§ **Activity**
For the material that follows, return exactly the lines from the one with "El Supremo británico" through the one with "Patagonia（パタゴニア）その他 紺 サイズ:M", both ends included.

§ **Data section**
────────────────

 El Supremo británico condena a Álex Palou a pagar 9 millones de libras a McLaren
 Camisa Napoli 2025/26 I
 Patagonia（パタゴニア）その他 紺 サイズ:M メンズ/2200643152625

────────────────

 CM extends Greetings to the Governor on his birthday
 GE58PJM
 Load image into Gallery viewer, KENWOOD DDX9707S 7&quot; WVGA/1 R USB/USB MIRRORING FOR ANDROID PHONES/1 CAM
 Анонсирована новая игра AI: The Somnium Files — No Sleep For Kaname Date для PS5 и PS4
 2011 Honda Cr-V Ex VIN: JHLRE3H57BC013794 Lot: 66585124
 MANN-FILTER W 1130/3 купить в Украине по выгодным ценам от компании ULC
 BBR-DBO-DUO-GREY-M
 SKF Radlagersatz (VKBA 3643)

────────────────

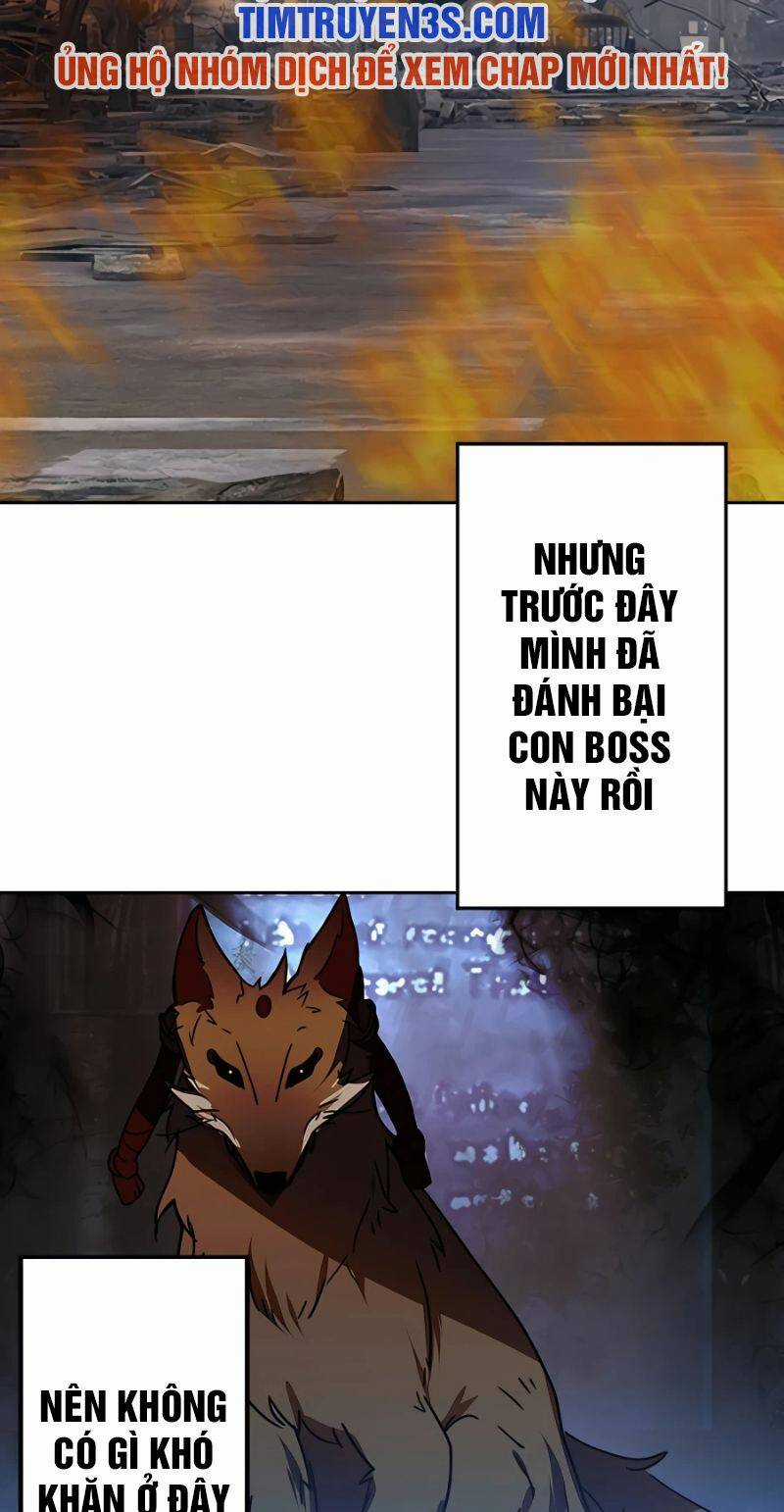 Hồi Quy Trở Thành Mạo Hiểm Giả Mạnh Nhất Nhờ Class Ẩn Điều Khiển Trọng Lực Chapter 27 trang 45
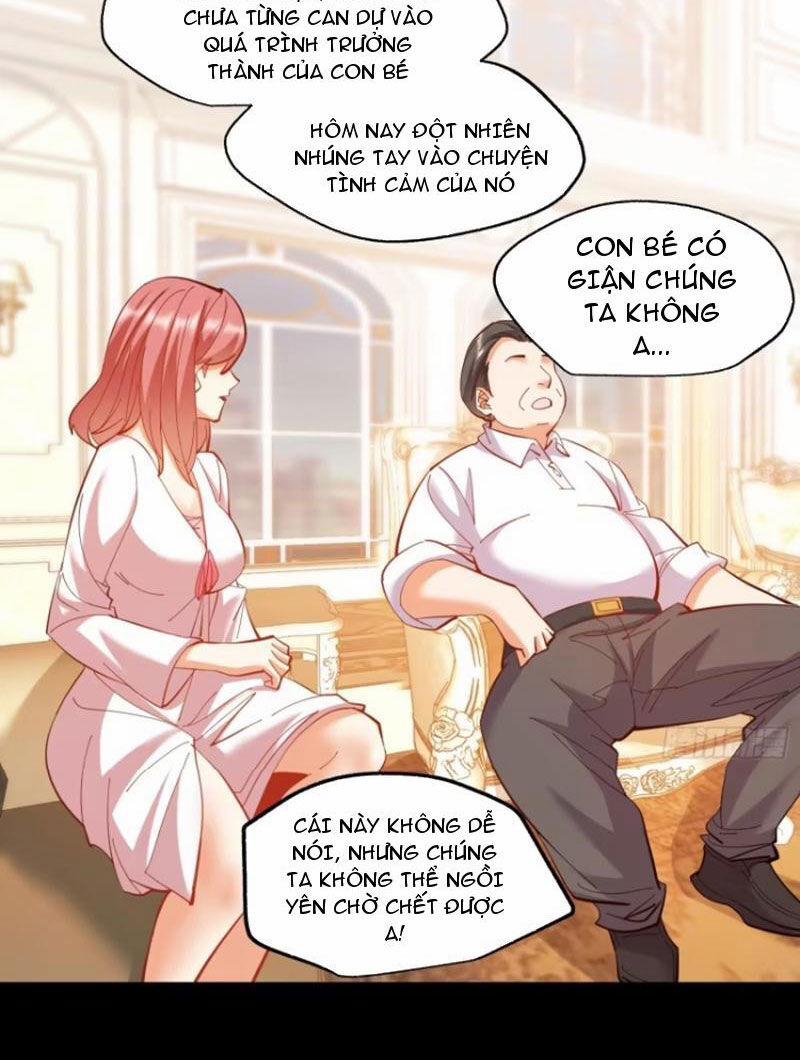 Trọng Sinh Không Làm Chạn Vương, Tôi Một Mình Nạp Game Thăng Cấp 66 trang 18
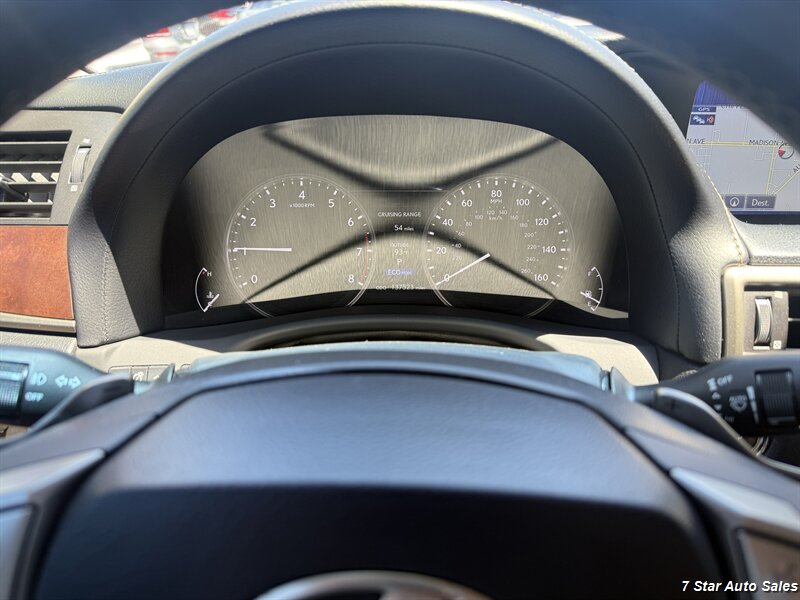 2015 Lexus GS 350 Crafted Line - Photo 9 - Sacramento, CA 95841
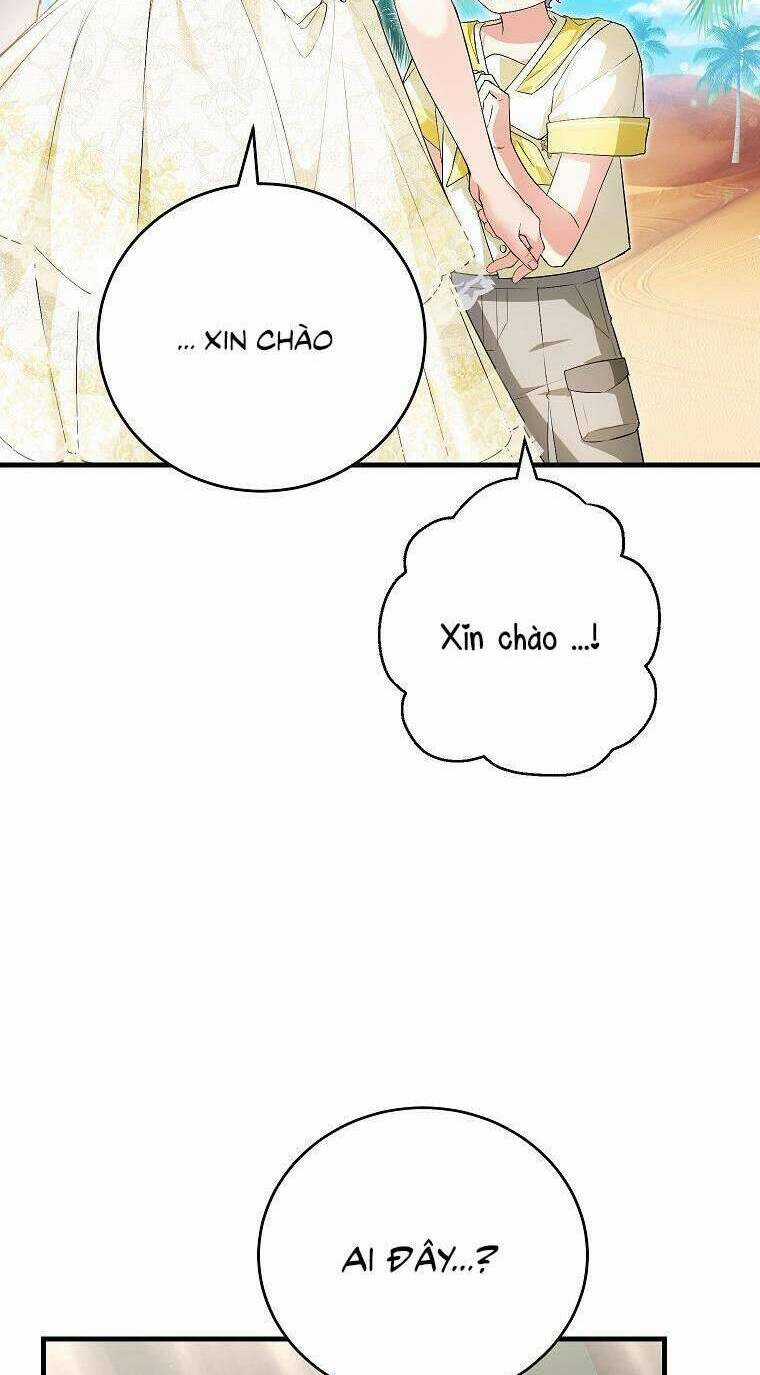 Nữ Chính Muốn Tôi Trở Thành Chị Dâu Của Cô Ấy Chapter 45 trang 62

────────────────

§ **Response to this task**
 El Supremo británico condena a Álex Palou a pagar 9 millones de libras a McLaren
 Camisa Napoli 2025/26 I
 Patagonia（パタゴニア）その他 紺 サイズ:M メンズ/2200643152625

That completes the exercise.